(Data for this exercise)
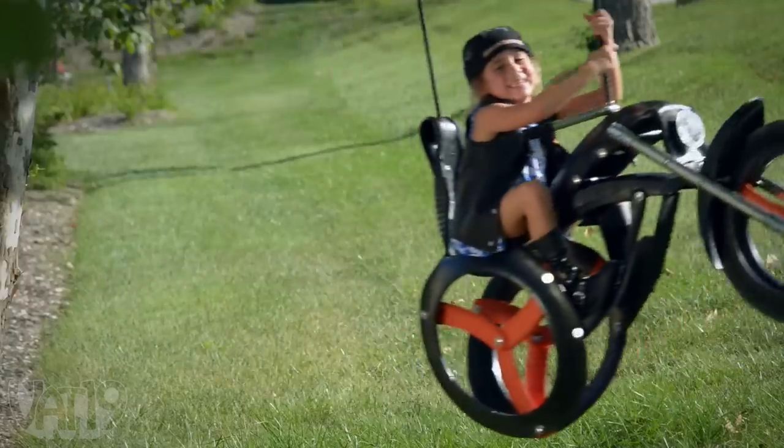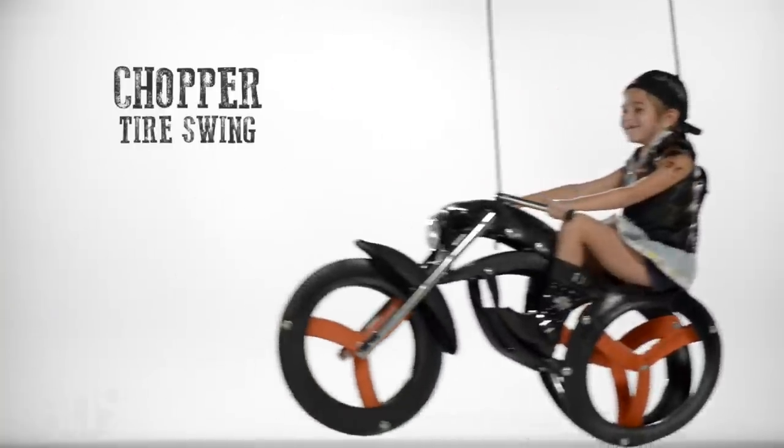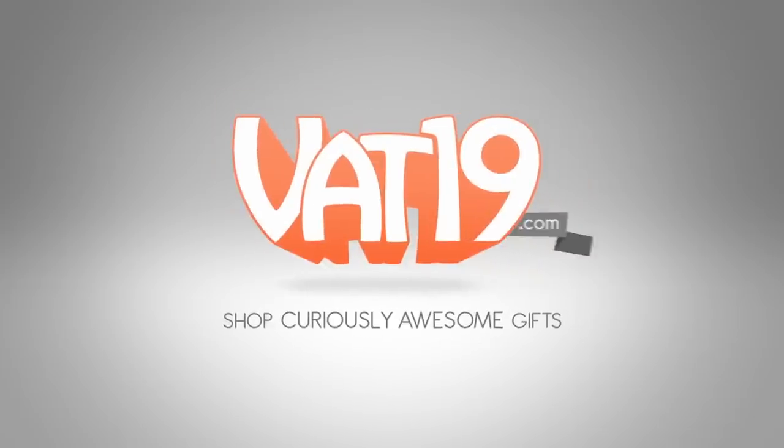So kids will say, and parents will say, "That is cute." Buy the Recycled Tire Chopper Swing now at Vat19.com.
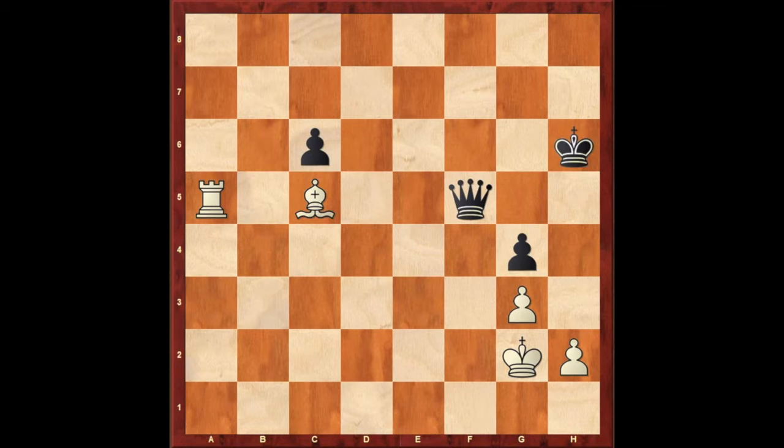It's white to play in this position. The white rook is indirectly attacking the black queen. So using this geometrical alignment, white plays the move bishop to e3 check. The bishop is giving check, and at the same time the rook attacks the queen. So obviously black has to move the king.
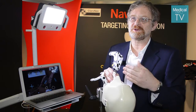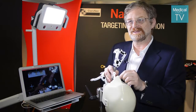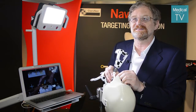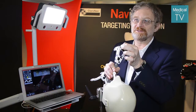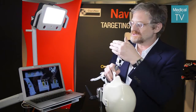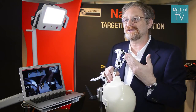It requires some training because it requires a change in the way they work. Currently they have to cut the gums, raise the gums, and then look at the bone very carefully while they drill. In our case, they just look at the screen. The screen guides them to place the tip of the drill at the entry point, then change the angle to the right angle, and then drill to the depth. So they spend most of the time looking at the screen instead of looking in the mouth, which requires some adaptation.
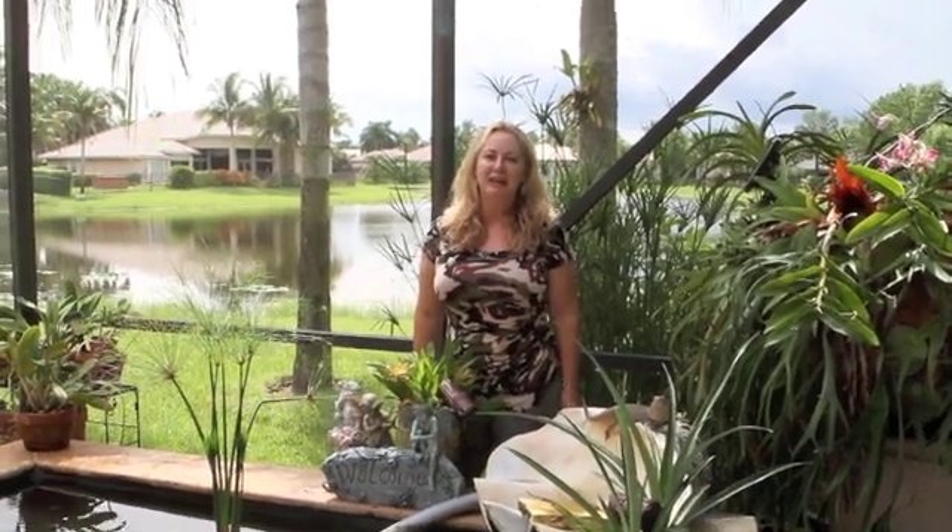Hi, I'm Nurse Amy from the Dr. Bones and Nurse Amy's Doom and Bloom Show. We have a website I'd like you to check out for preparedness advice: www.DoomandBloom.net. We talk about Collapsed Medicine, Survival Gardening, Dehydrating, and all kinds of wonderful prepping topics.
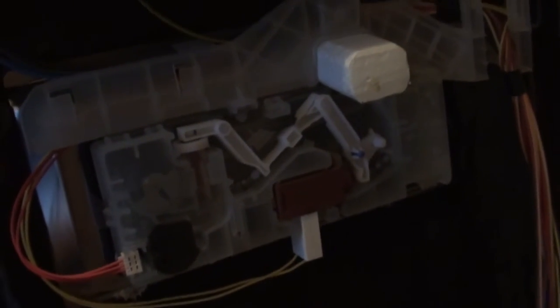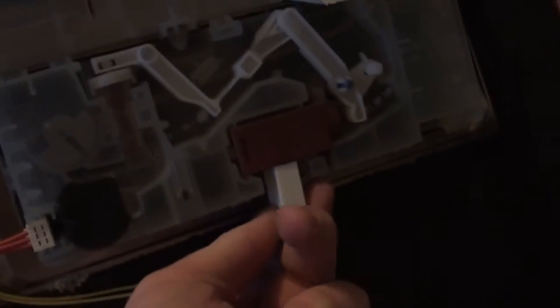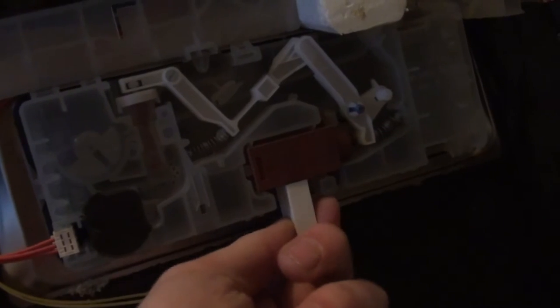Once you've undone those screws, this front panel should be loose and should slide off just like that. There's the front bit, and here is the soap dispenser. Never taken this one apart before — it's a bit grubby in there, but I'm about to clean up before I put it back. What we need to do is unplug this little connector here and unplug this one here.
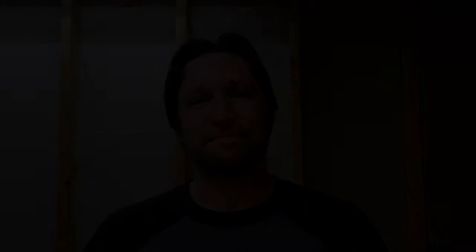Somebody had suggested getting some wheels for the system. The wheels for the Brute trash cans are like $40, which seemed expensive. I found some at Harbor Freight that were pretty cheap, and I can now wheel it in and out. I had to squeeze and finagle it, but I can get it out so we can get a much better camera angle and get a little bit closer down on it.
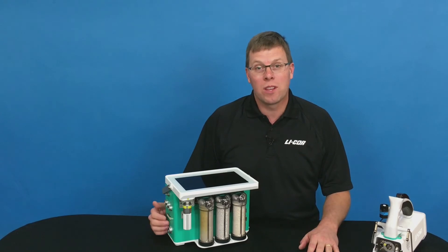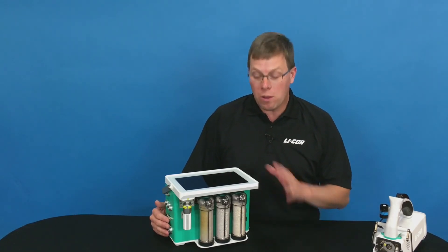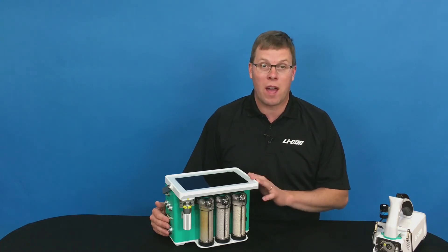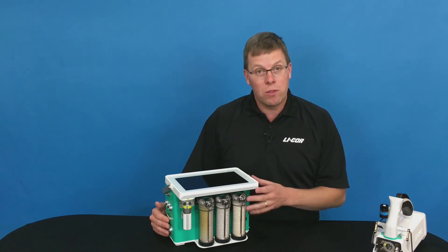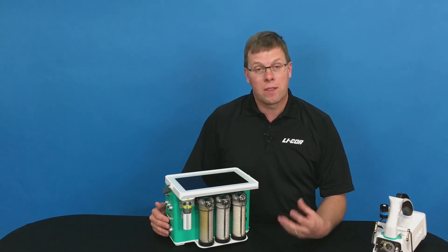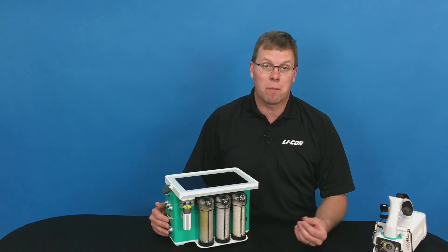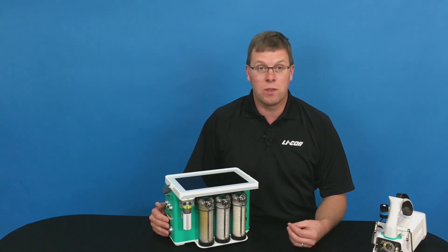For those of you who have used the 6400, you may be asking about the fuses. On the new 6800, there are no fuses that you ever have to change. There are fuses inside the system, but they're thermal reset fuses — if there's a fault, the fuse opens, and once it cools back down it resets itself automatically, so you never have to change those fuses out.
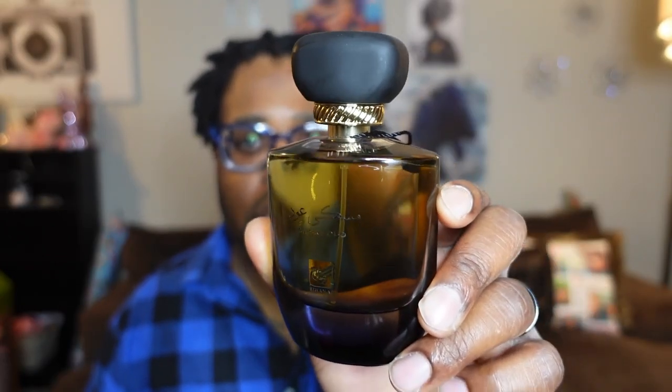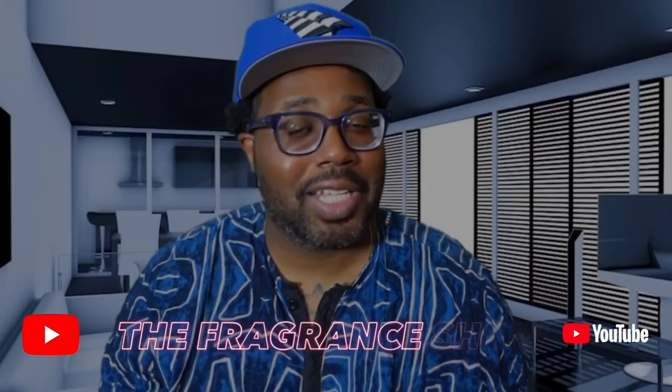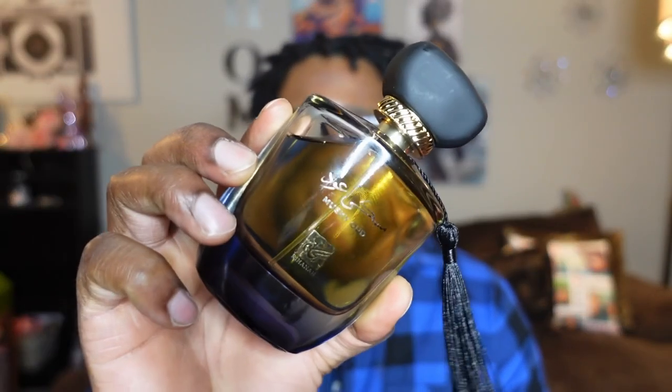I picked my bottle up off eBay — I'll definitely link that down in the description. We're going to talk about this one as a first impression: what it smells like, how it wears, things of that nature. Thanks for tapping back in — new subscribers and return subscribers, peace to y'all. I really do appreciate you guys. Today we're talking Musky Ooh by Rihanna. I do not have the box; I've had this one in my collection for a little bit.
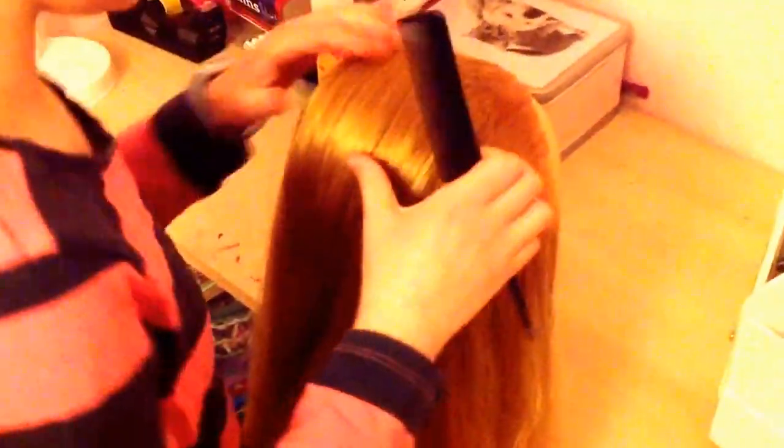You see how much volume that creates — it's really really amazing. Now what you'll probably want to do is make sure that your quiff is in the middle, so you don't want it slanted. Just make sure it lines up kind of with the nose.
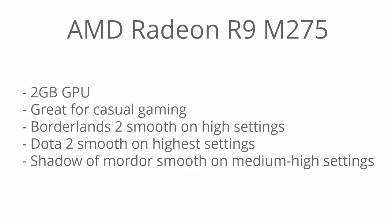It's an awesome casual gaming GPU. It can run Borderlands 2 smoothly on high settings, Dota 2 smoothly on the highest settings, and Shadow of Mordor smoothly on medium to high settings. These are all benchmarks based on 1080p resolution.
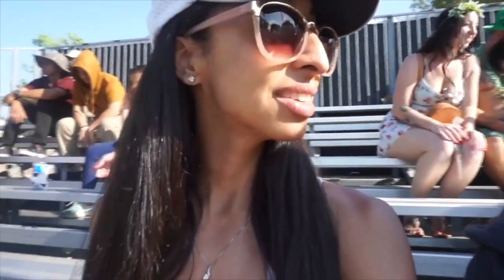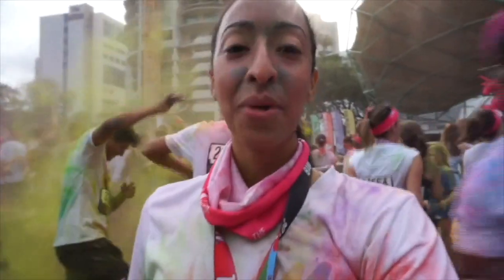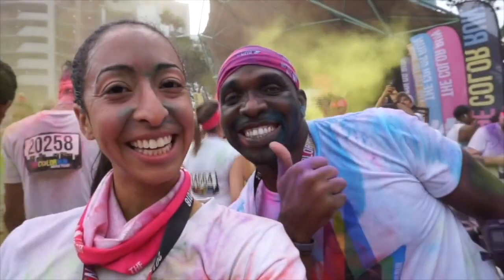Hey guys, welcome back to my channel. If you're new here, welcome. My name is Noemi and in today's video I'm going to go over NASM's mental toughness course. I'm a personal trainer who likes to live life to the fullest while working up a sweat and traveling the world. Subscribe to keep up with my latest videos.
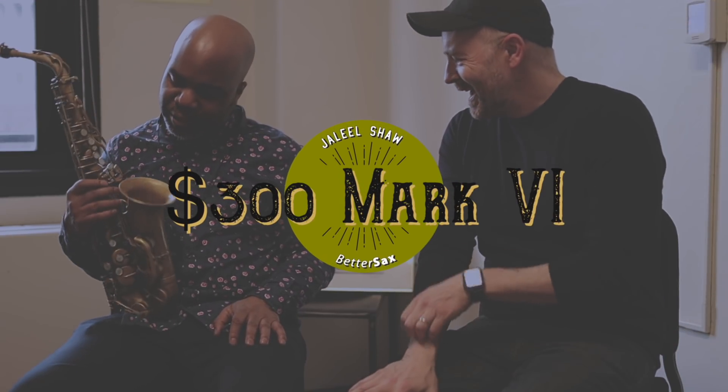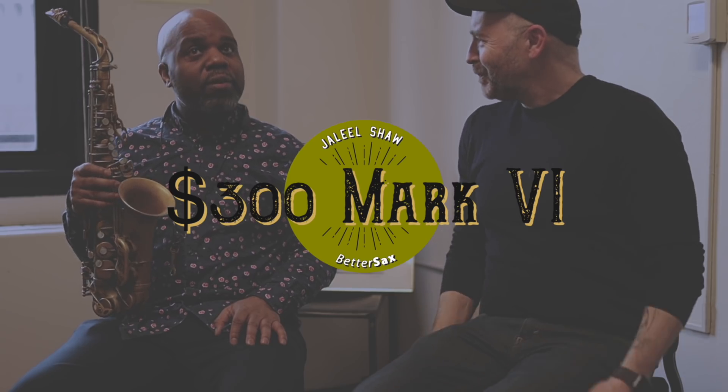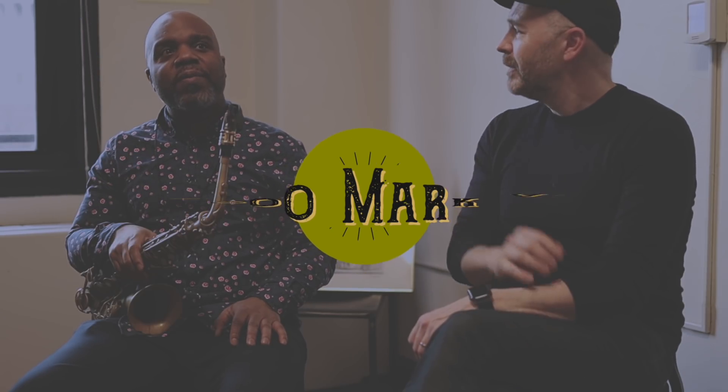It's a Mark 6 you got? Yeah, it's a Mark 6. How long have you had that horn? 25 years. A friend of mine called me and said, this pawn shop not far from you has a Mark 6 for $300. My mom and I, we ran to the pawn shop with the money, and we were a little too enthusiastic walking in there. And when he saw that, he was like, I'm not selling it to you.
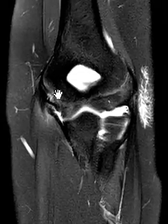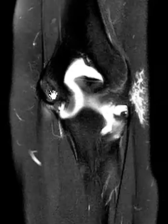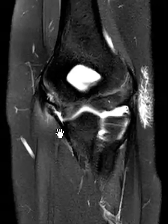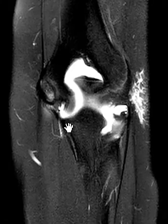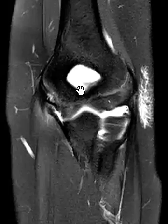In the end, this is an ulnar collateral ligament tear involving the posterior band at the attachment to the medial epicondyle with reactive marrow edema. The distal attachments are often torn right from the sublime tubercle of the ulna, but in this case it's torn proximally. And that's it — thank you so much.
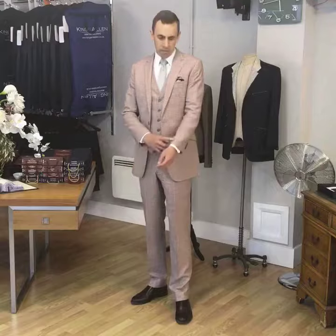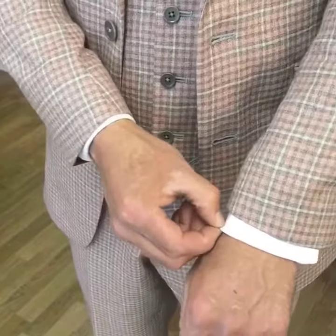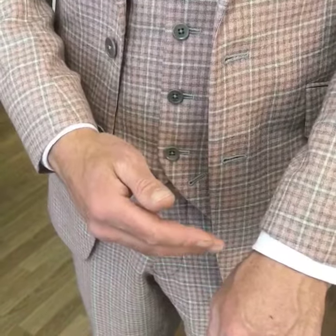So for your suit sleeve, you should generally show about one to two centimetres of shirt cuff. That's the ideal amount just there, so you can see the little white rim, and that has the effect of framing your suit — so it's framed here and here.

(Task details) Before you return the listing, strip out its pictures; all else must match exactly.

(Solution to this exercise)
So kids will say, and parents will say, "That is cute." Buy the Recycled Tire Chopper Swing now at Vat19.com.
It's white to play in this position. The white rook is indirectly attacking the black queen. So using this geometrical alignment, white plays the move bishop to e3 check. The bishop is giving check, and at the same time the rook attacks the queen. So obviously black has to move the king.
It requires some training because it requires a change in the way they work. Currently they have to cut the gums, raise the gums, and then look at the bone very carefully while they drill. In our case, they just look at the screen. The screen guides them to place the tip of the drill at the entry point, then change the angle to the right angle, and then drill to the depth. So they spend most of the time looking at the screen instead of looking in the mouth, which requires some adaptation.
Hi, I'm Nurse Amy from the Dr. Bones and Nurse Amy's Doom and Bloom Show. We have a website I'd like you to check out for preparedness advice: www.DoomandBloom.net. We talk about Collapsed Medicine, Survival Gardening, Dehydrating, and all kinds of wonderful prepping topics.
Once you've undone those screws, this front panel should be loose and should slide off just like that. There's the front bit, and here is the soap dispenser. Never taken this one apart before — it's a bit grubby in there, but I'm about to clean up before I put it back. What we need to do is unplug this little connector here and unplug this one here.
Somebody had suggested getting some wheels for the system. The wheels for the Brute trash cans are like $40, which seemed expensive. I found some at Harbor Freight that were pretty cheap, and I can now wheel it in and out. I had to squeeze and finagle it, but I can get it out so we can get a much better camera angle and get a little bit closer down on it.
For those of you who have used the 6400, you may be asking about the fuses. On the new 6800, there are no fuses that you ever have to change. There are fuses inside the system, but they're thermal reset fuses — if there's a fault, the fuse opens, and once it cools back down it resets itself automatically, so you never have to change those fuses out.
I picked my bottle up off eBay — I'll definitely link that down in the description. We're going to talk about this one as a first impression: what it smells like, how it wears, things of that nature. Thanks for tapping back in — new subscribers and return subscribers, peace to y'all. I really do appreciate you guys. Today we're talking Musky Ooh by Rihanna. I do not have the box; I've had this one in my collection for a little bit.
You see how much volume that creates — it's really really amazing. Now what you'll probably want to do is make sure that your quiff is in the middle, so you don't want it slanted. Just make sure it lines up kind of with the nose.
It's an awesome casual gaming GPU. It can run Borderlands 2 smoothly on high settings, Dota 2 smoothly on the highest settings, and Shadow of Mordor smoothly on medium to high settings. These are all benchmarks based on 1080p resolution.
Hey guys, welcome back to my channel. If you're new here, welcome. My name is Noemi and in today's video I'm going to go over NASM's mental toughness course. I'm a personal trainer who likes to live life to the fullest while working up a sweat and traveling the world. Subscribe to keep up with my latest videos.
It's a Mark 6 you got? Yeah, it's a Mark 6. How long have you had that horn? 25 years. A friend of mine called me and said, this pawn shop not far from you has a Mark 6 for $300. My mom and I, we ran to the pawn shop with the money, and we were a little too enthusiastic walking in there. And when he saw that, he was like, I'm not selling it to you.
In the end, this is an ulnar collateral ligament tear involving the posterior band at the attachment to the medial epicondyle with reactive marrow edema. The distal attachments are often torn right from the sublime tubercle of the ulna, but in this case it's torn proximally. And that's it — thank you so much.
So for your suit sleeve, you should generally show about one to two centimetres of shirt cuff. That's the ideal amount just there, so you can see the little white rim, and that has the effect of framing your suit — so it's framed here and here.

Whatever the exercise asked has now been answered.